Short descriptive text snippets:
#####

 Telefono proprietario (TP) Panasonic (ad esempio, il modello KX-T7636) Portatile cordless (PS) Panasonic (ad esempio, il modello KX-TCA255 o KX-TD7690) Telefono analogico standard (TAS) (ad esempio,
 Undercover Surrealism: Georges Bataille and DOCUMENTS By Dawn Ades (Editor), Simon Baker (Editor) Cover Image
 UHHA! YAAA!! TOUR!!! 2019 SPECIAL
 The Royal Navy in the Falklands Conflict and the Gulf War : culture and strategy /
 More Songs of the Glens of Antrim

#####

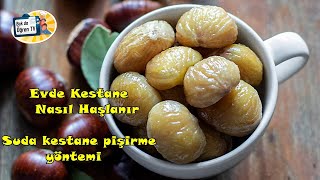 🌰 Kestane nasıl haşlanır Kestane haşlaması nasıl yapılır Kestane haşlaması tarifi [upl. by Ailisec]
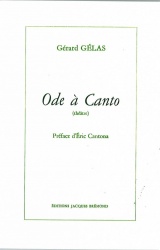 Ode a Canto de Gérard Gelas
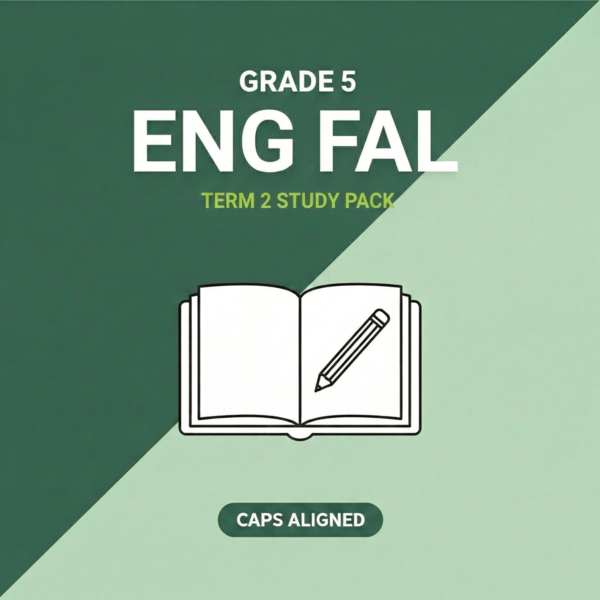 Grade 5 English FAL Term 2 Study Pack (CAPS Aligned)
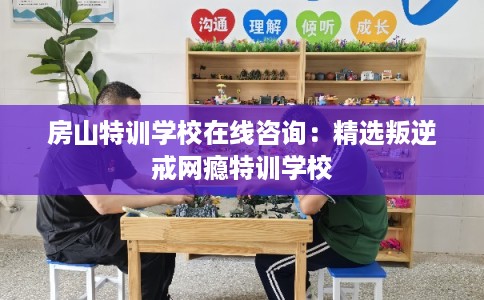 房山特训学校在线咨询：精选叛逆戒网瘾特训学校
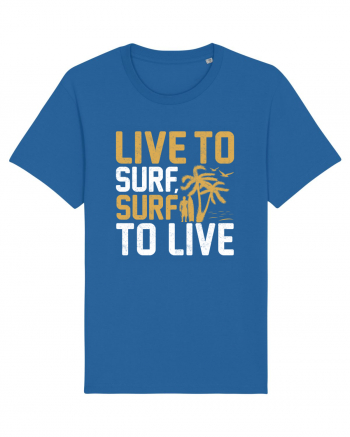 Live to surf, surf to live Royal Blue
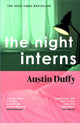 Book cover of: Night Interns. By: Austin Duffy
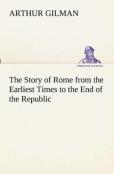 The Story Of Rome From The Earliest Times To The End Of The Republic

#####

WORK INSTRUCTIONS:
Copy out, exactly and alone, the lines of the entries above between the ones holding "UHHA! YAAA!! TOUR!!! 2019 SPECIAL" and "More Songs of the Glens of Antrim", inclusive.

REPLY:
 UHHA! YAAA!! TOUR!!! 2019 SPECIAL
 The Royal Navy in the Falklands Conflict and the Gulf War : culture and strategy /
 More Songs of the Glens of Antrim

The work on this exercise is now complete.